Let’s call them Energy Visas. Because just like American jobs, who doesn’t love energy?
Energy Visas
“Job” is obviously an amorphous term. It’s worth asking, what jobs are being created in the clean energy sector, and consequently, what types of workers will be eligible for the Energy Visa program?
We might be inventing a new visa program, but we don’t need to invent any new definitions. The Department of Energy defines “clean energy jobs,” as related to “renewable energy; grid technologies and storage; traditional electricity transmission and distribution for electricity; nuclear energy; a subset of energy efficiency that does not involve fossil fuel burning equipment; biofuels; and plug-in hybrid, battery electric, and hydrogen fuel cell vehicles and components.
This encompasses a wide range of jobs. But to give you an idea of which needs the Energy Visa program will look to fill, let’s look at some of the areas that need it the most.
Nine out of ten US solar companies are struggling to hire skilled labor for new installations. There’s already an 80,000-electrician shortage, and we’ll need about a million new ones by the end of the decade. The wind turbine industry, EV battery sector, and nuclear industry are all facing and will face increasing worker needs in the coming years.

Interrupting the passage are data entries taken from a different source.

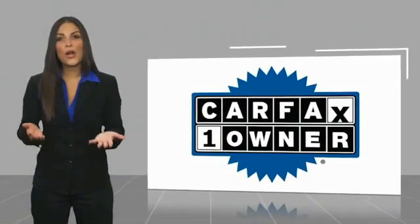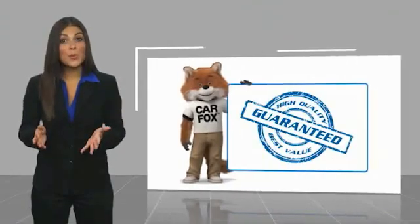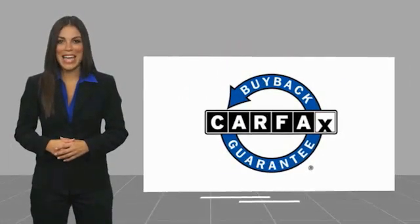This is a one-owner vehicle with a Carfax vehicle history report. Be sure to find a complimentary copy of this report online or contact the dealership. This vehicle qualifies for the Carfax Buyback Guarantee.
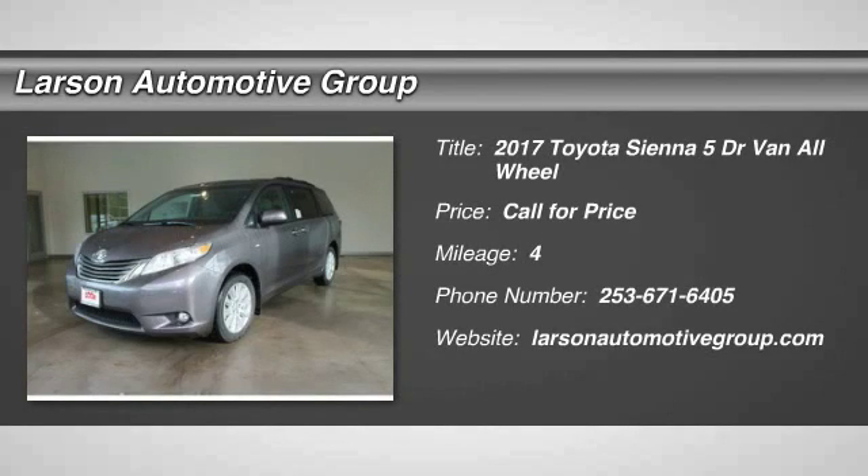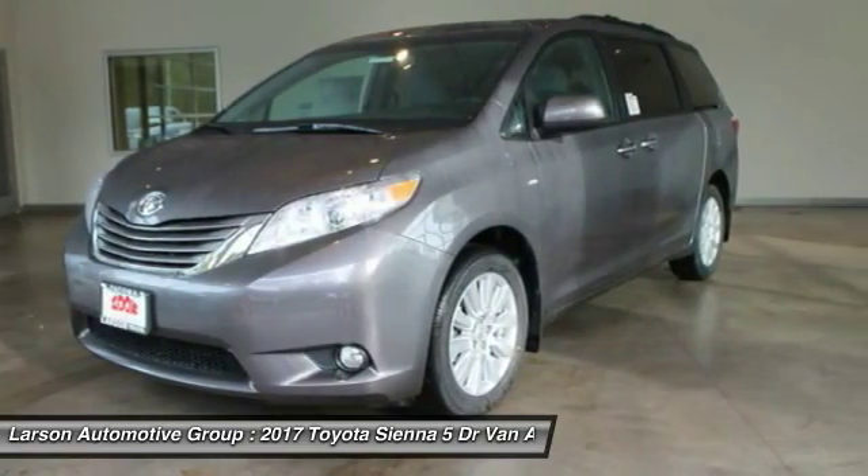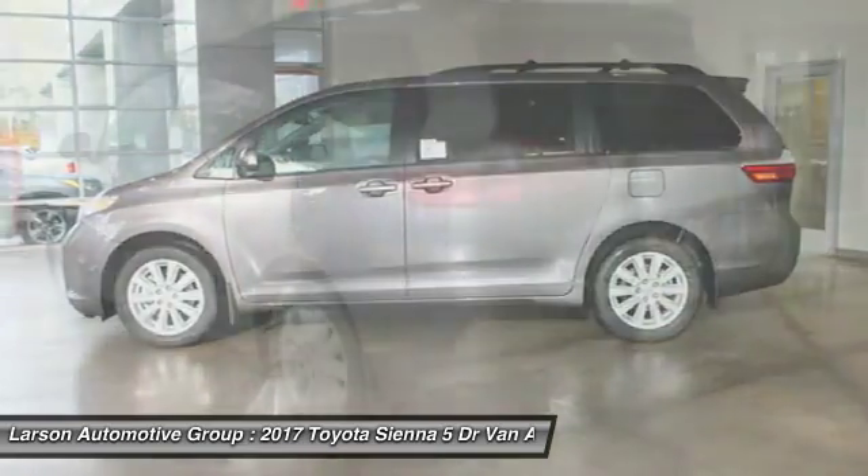2017 Sienna. Sienna offers excellent overall quality and long-term dependability, making it a hassle-free vehicle to drive day in and day out, while contributing to peace of mind on long road trips.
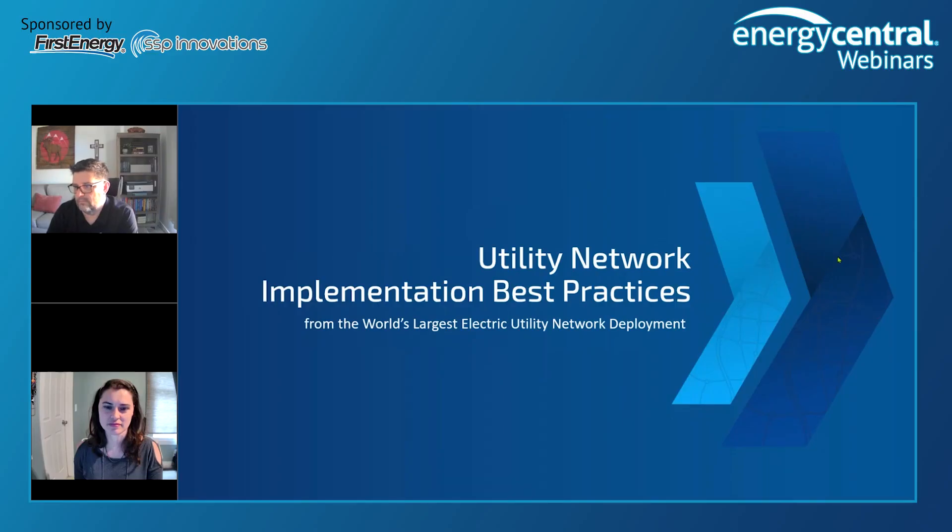Welcome to today's Energy Central webcast entitled Utility Network Implementation Best Practices from the world's largest electric utility network deployment. We're thrilled to have with us today Jamie Chipps, GIS Manager at First Energy, and Phil Dunn, Principal Solution Architect with SSP Innovations. Welcome to the event. You have the floor.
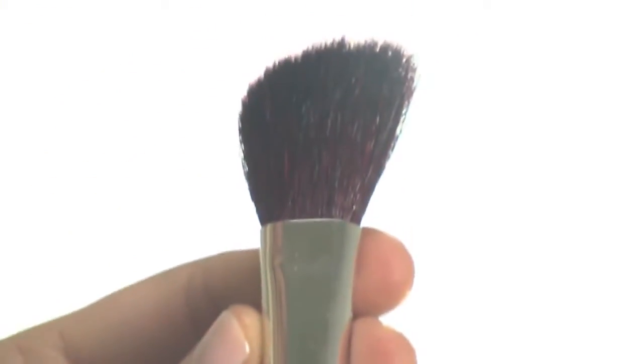This unique 3-in-1 brush allows for precision application of blush, bronzer and all other multi-purpose dust and loose powders. The angle design expertly contours for exact application of product.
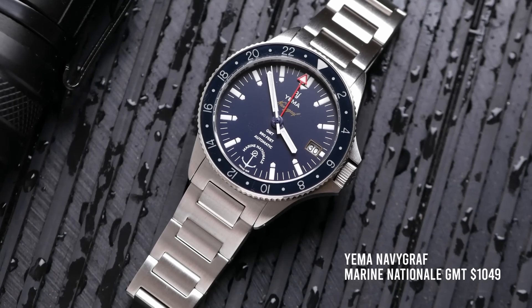Hey guys, welcome back to Just the Watch. My name's Dave. I live in Japan, and this is a channel all about collecting affordable watches. And if you're into collecting affordable watches, you might have an affordable grail, which is probably more where this kind of watch comes in.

In addition to these labor shortages, Brookings economist Sanjay Patnaik told me that what’s “often unappreciated, is that the number of job separations projected are even higher, compounding the need to prepare the labor force for these jobs.” He also shared a study that showed we could be looking at a green skills gap of 7 million by the end of the decade without any policy intervention.
It’s worth noting that H-1B visas are currently used for speciality occupations that require technical skills, and could, technically, be used for some of these jobs. Patnaik also noted that H-2B visas could be used to bring in temporary workers, and J-1 visas could be used to bring in some highly skilled workers (the J-1 visa is currently mainly used for scholars).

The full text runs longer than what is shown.